Ma noi ci siam recati a bella posta sul luogo, come un ingegnere di campagna, per verificare co' nostri occhi se davvero il Tevere avesse assunto le passioni e i dolori di un poeta sentimentale; ma possiamo assicurare che il Tevere, nei diciotto secoli che sono decorsi, non ha fatto altro che rimanere un fiume, e non sentì nessuna vergogna, forse presago del possibile risorgimento della sua città; e non si ritirò in nessun angolo e non diventò più piccolo. Visto dal ponte Elio e dal ponte Senatorio, è ancora il più maestoso fiume d'Italia che attraversi una città. A ripa Grande, la selva delle antenne e il biancheggiar delle vele e i fumi densi delle vaporiere lo fanno parer davvero un porto di mare; il che è ben altra cosa dall'esser ridotto un rigagnolo avvilito, non visitato che dalle lavandaje!

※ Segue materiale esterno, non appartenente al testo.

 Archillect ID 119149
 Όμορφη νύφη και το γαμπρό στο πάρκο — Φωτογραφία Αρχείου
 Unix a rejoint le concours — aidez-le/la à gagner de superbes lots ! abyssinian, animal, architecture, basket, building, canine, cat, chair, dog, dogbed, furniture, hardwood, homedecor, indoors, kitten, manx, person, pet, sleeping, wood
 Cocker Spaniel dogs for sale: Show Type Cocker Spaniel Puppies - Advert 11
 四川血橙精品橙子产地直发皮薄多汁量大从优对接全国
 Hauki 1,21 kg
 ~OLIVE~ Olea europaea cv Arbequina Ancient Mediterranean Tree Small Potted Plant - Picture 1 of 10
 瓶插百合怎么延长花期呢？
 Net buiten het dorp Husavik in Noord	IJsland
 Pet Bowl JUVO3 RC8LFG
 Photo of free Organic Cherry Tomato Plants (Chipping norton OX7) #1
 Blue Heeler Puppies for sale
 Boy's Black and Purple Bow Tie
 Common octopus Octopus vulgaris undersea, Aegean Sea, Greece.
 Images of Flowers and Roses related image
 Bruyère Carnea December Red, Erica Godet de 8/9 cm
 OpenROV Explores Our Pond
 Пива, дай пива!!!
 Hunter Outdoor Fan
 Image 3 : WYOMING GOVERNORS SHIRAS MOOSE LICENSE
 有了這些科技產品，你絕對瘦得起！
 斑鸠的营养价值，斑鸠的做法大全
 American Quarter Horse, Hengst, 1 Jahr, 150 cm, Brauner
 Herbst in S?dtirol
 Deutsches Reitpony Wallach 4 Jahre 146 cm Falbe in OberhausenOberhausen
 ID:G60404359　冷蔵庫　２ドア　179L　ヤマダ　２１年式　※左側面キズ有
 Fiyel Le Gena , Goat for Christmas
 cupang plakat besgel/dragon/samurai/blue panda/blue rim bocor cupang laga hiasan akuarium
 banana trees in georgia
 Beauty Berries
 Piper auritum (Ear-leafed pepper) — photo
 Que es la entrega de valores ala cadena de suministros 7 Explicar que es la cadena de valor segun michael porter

Diciam questo perchè quei che si impennarono alla idea di dover portare la capitale a Roma, e la chiamarono un'idea stracca di rettorica ammuffita, e una specie di regresso al paganesimo e al classicismo spento; e credettero opporsi e vincer l'onda impetuosa di tutta Italia concorde nel tendere le braccia affannate alla sua capitale, potrebbero inorgoglire e fidarsi d'aver un confederato onnipotente in Chateaubriand, che vedeva anche il Tevere impicciolito.
Ma Roma dissanguata dal malgoverno, nella sua terza parte abitata ha ancora più di 200.000 persone; e in pochi anni, sotto il nuovo sole della libertà e dell'indipendenza, espandendosi a riconquistare, per dir così, le parti desolate, potrebbe toccare facilmente la popolazione di 600.000 anime.